§ Activity
Print the listing from its top line through the line containing "Image de vidaXL", nothing more, and leave out the pictures.

··········

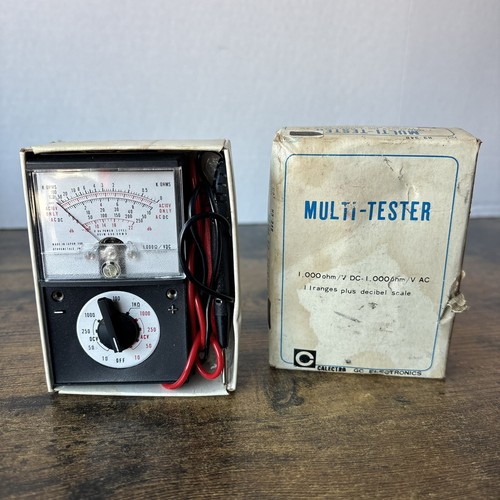 Vintage Calectro Multi-Tester H3-348 W Box + Manual NOS GC Electronics Meter - Picture 2 of 12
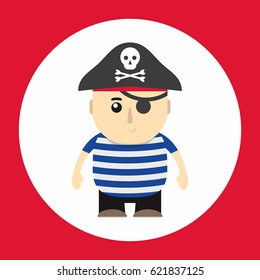 Vector illustration. Character in a flat style. Pirate in hat and vest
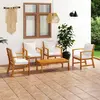 Image de vidaXL Salon de jardin 5 pcs avec coussin Bois d'acacia solide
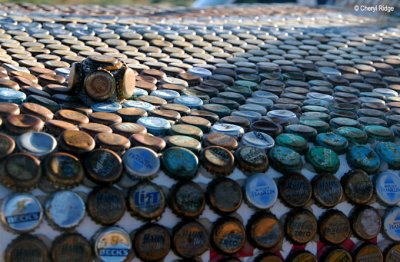 7662- bottle cap encrusted jeep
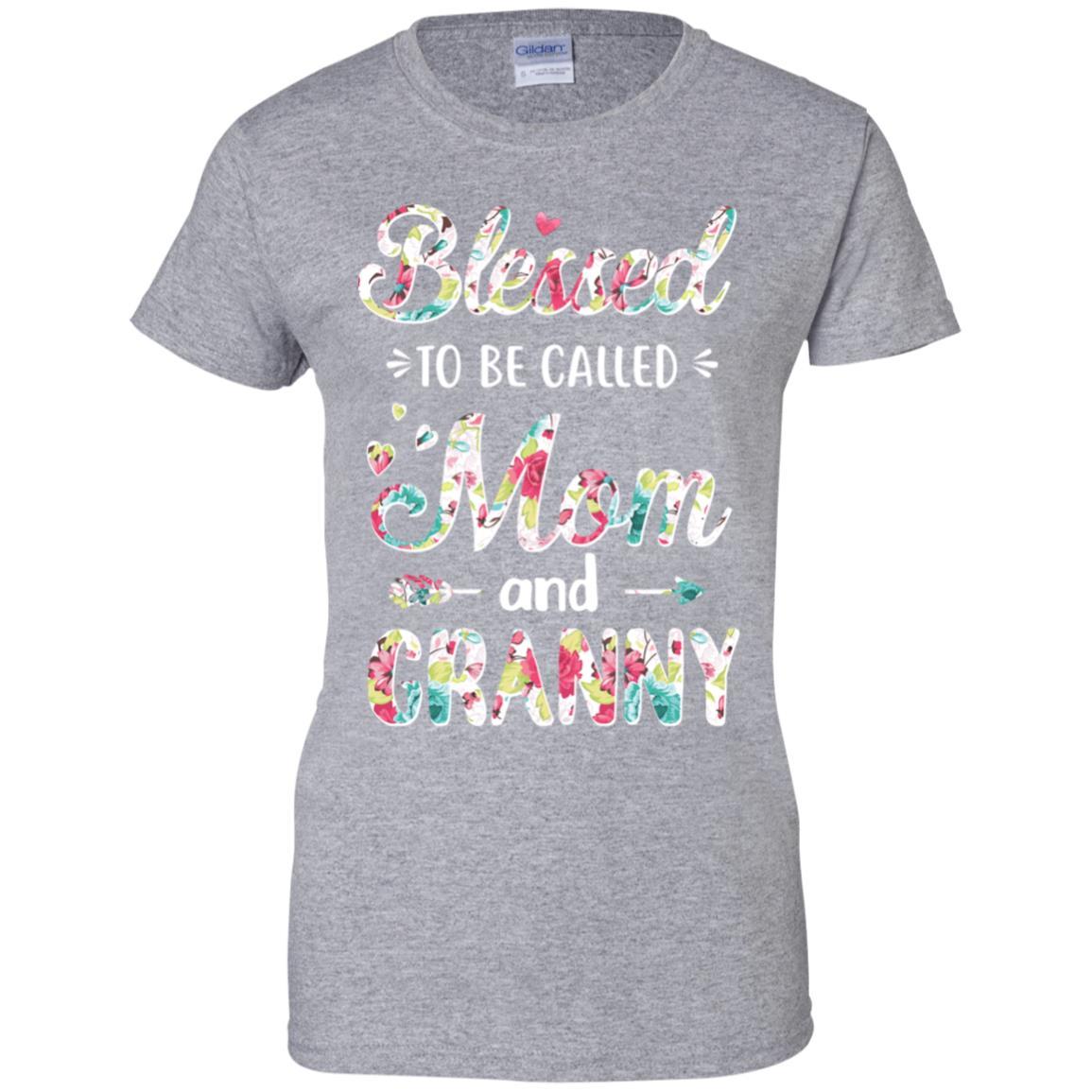 Mothers Day Gifts Blessed To Be Called Mom And Granny-T-Shirt & Hoodie-Women's T-Shirt-Sport Grey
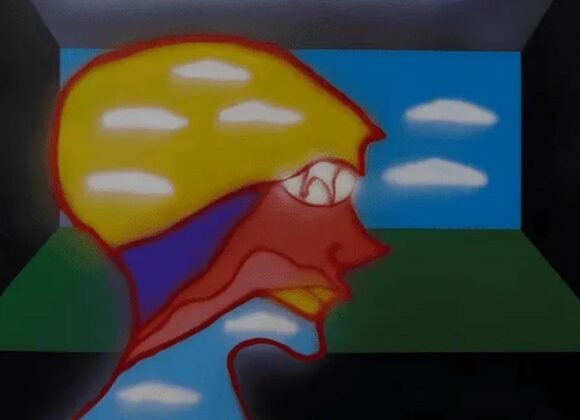 Obra surrealista “Cabeça S/N” de José Roberto Aguilar com perfil distorcido e paisagem onírica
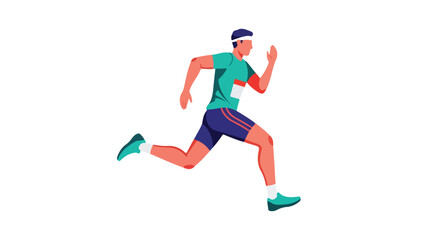 Dynamic illustration of a male athlete in motion, showcasing determination and athletic prowess, highlighting speed and endurance, against a white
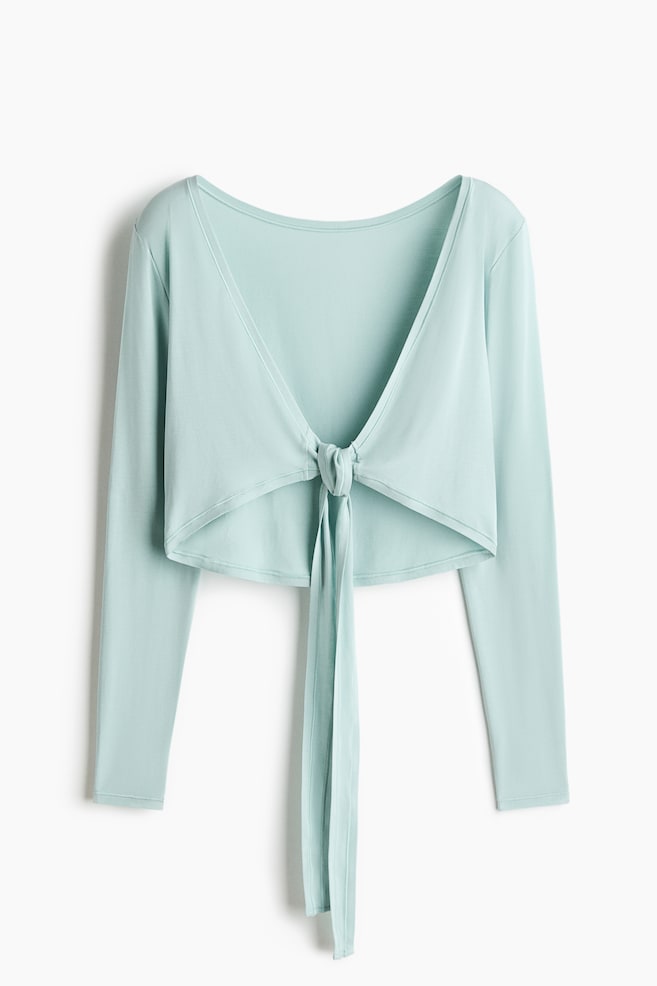 Cropped long-sleeved yoga top - Amazonite blue/Warm brown/Black/Mid blush pink/Dusty mauve/Plum - 1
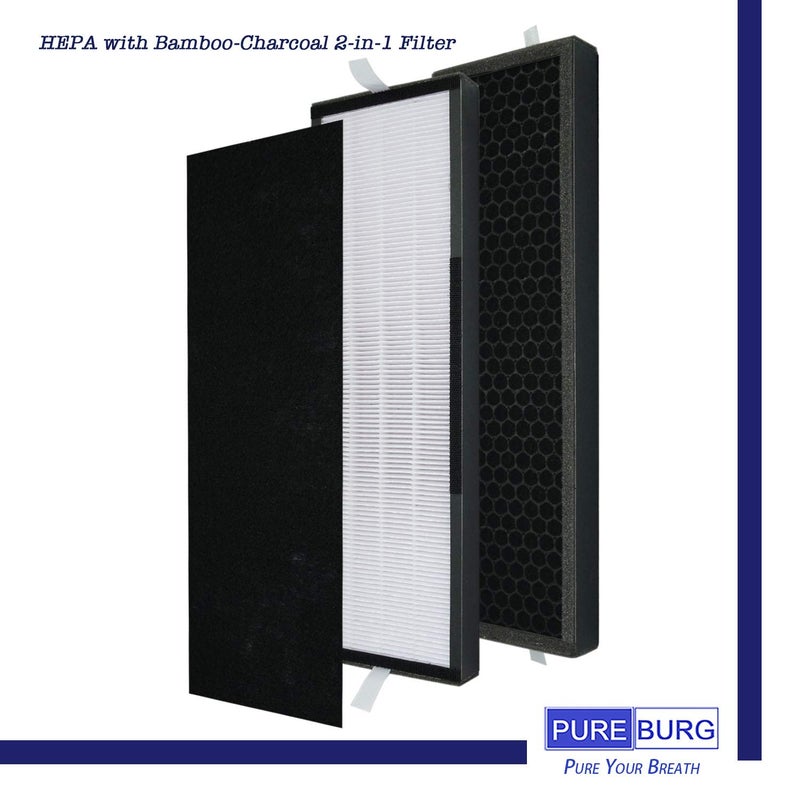 PUREBURG Replacement Filter Compatible with Alen T500 Air Purifier, 2-Pack H13 HEPA + 4 Activated Carbon Filters,Cooking Odor & Voc's Remove version - Image 2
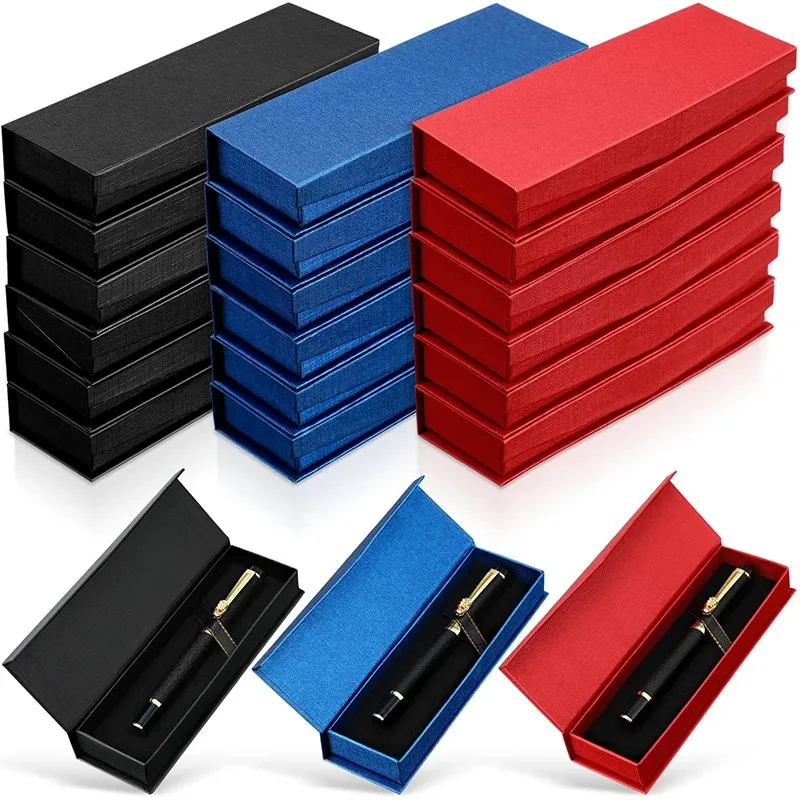 

5-20Pcs Pen Gift Boxes Empty Kraft Paper Gift Boxes Ballpoint Pen Jewelry Gift Box with Cushion Paper Gift Cases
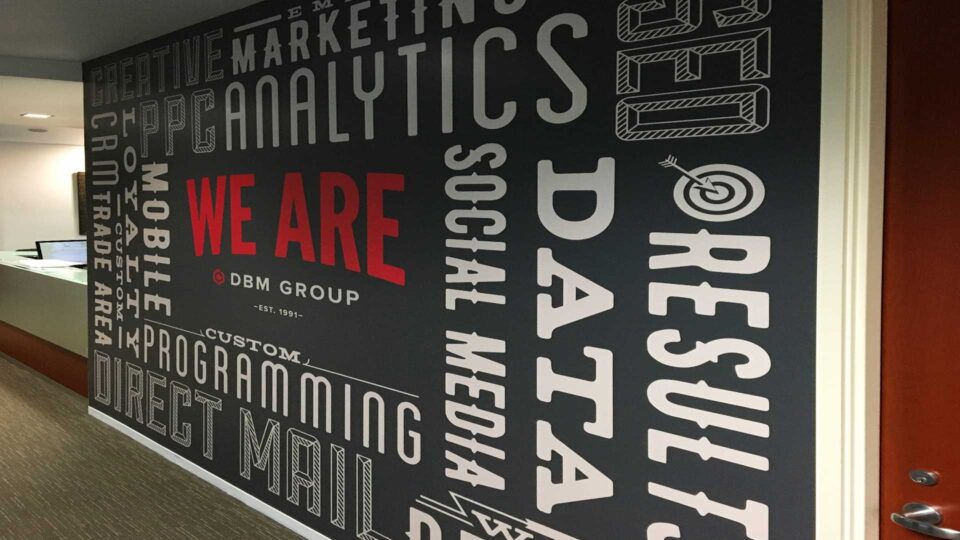 black, white and red text wall graphic about the DMB Groups services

··········

§ Finished exercise
 Vintage Calectro Multi-Tester H3-348 W Box + Manual NOS GC Electronics Meter - Picture 2 of 12
 Vector illustration. Character in a flat style. Pirate in hat and vest
 Image de vidaXL Salon de jardin 5 pcs avec coussin Bois d'acacia solide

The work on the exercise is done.